Hank is no stranger to sacrifice, having set aside his own ambitions to take care of his family. One thing he won’t forsake is his pride, which Cat already wounded once. But when the maddening beauty’s reckless behavior forces him to rush to her rescue, he sets in motion a series of events that leads Cat to make a business proposal granting him his dream job.
When Cat and Hank mix business with pleasure, promises and secrets unravel, and each must decide if and what they’ll surrender for love.

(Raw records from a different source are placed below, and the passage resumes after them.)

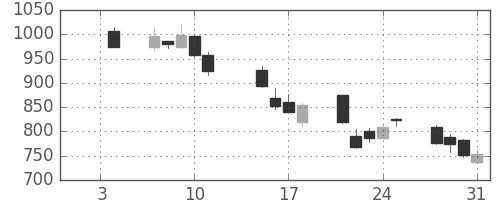 住友化の日足チャート(2008年1月)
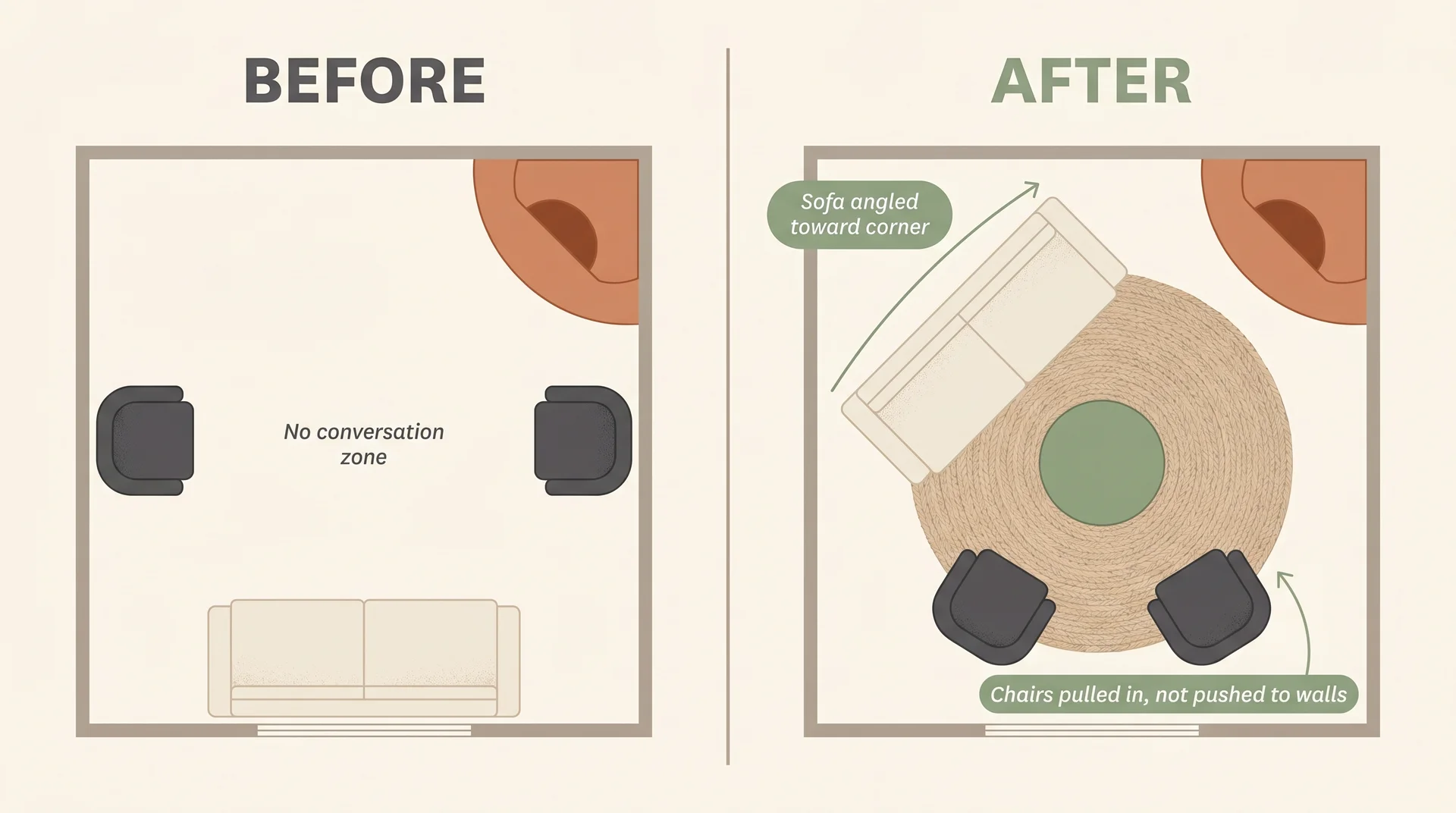 Split floor plan showing before-and-after furniture arrangement for a corner fireplace living room layout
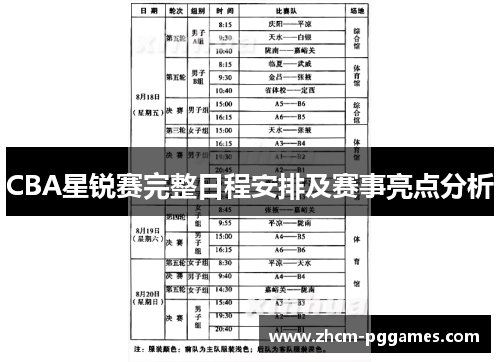 CBA星锐赛完整日程安排及赛事亮点分析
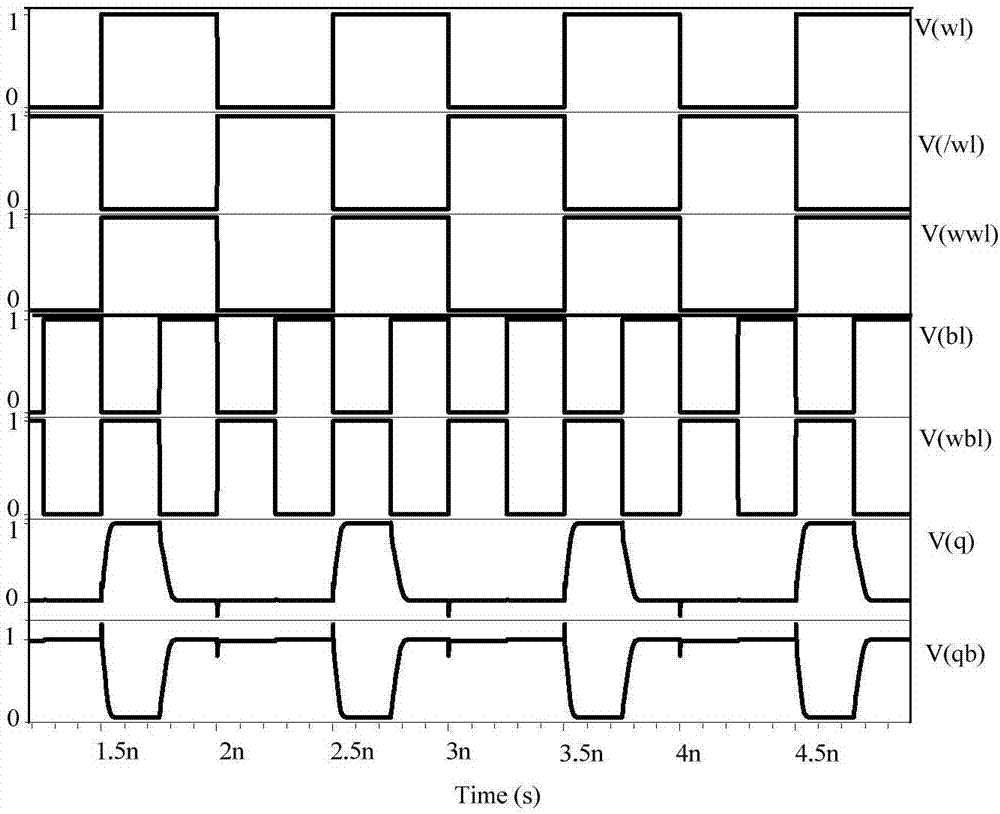 Three-word line memory cell based on FinFET device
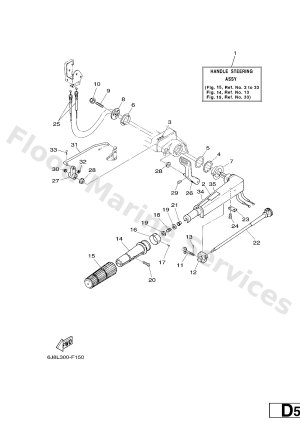 Diagram for STEERING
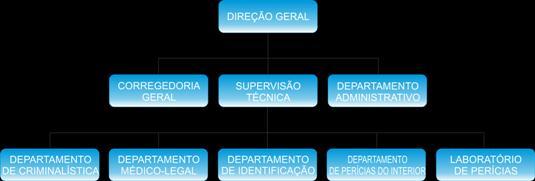 37 4. ANÁLISE DE DADOS Embasado na pesquisa bibliográfica e de posse dos dados coletados, conforme metodologia exposta anteriormente, faz-se uma exposição da análise dos dados, a qual está dividida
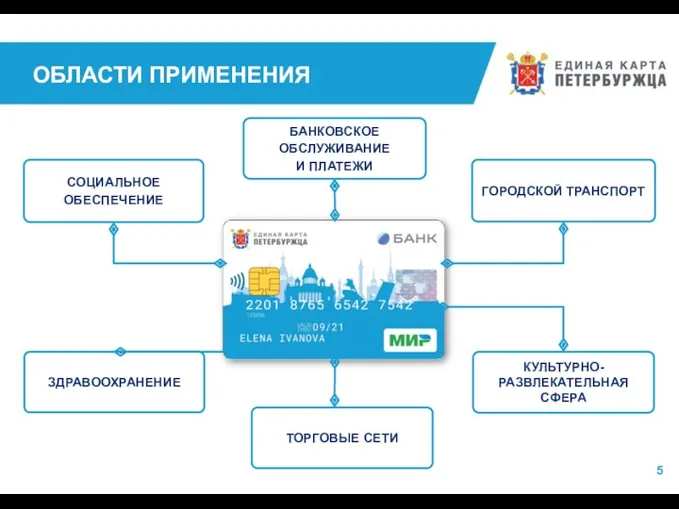 5 ОБЛАСТИ ПРИМЕНЕНИЯ ГОРОДСКОЙ ТРАНСПОРТ ТОРГОВЫЕ СЕТИ СОЦИАЛЬНОЕ ОБЕСПЕЧЕНИЕ ЗДРАВООХРАНЕНИЕ БАНКОВСКОЕ ОБСЛУЖИВАНИЕ И ПЛАТЕЖИ КУЛЬТУРНО-РАЗВЛЕКАТЕЛЬНАЯ СФЕРА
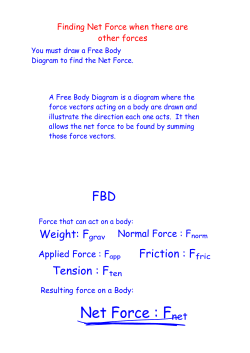 Net Force : Fnet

The superficial life where only image matters is the one that Cat St. James knows and has lived. Now faced with a dying career and a medical diagnosis that renders her infertile, she’s desperate to find a new distraction to take her away from that new reality. Setting Hank Mitchell in her sights for a proposition he can’t possibly refuse, she throws everything into it, but Hank, already wary about being brushed off, wonders if he can trust her when all she’d done is to let him down and keep him out.

Family drama abounds (yet again) in this series – which is almost akin to watching a hyped-up version of a soap opera. ‘Worth the Trouble’ succeeds on the strength of Jamie Beck’s writing that succinctly carves open the yearnings of the human heart, but even that can’t draw my sympathies for the entire St. James family whose behaviour kept me cringing and shaking my head. In the maelstrom of revelations, I could only feel sorry for Hank the outsider, who was simply torn by his loyalties through no fault of his own. Having his innate kindness and compassion flung in his face by different members of the St. James family wasn’t what he deserved – Cat included, whose hypocritical and selfish actions were meant to protecting her own secrets and her barricaded heart at the expense of Hank’s sacrifices.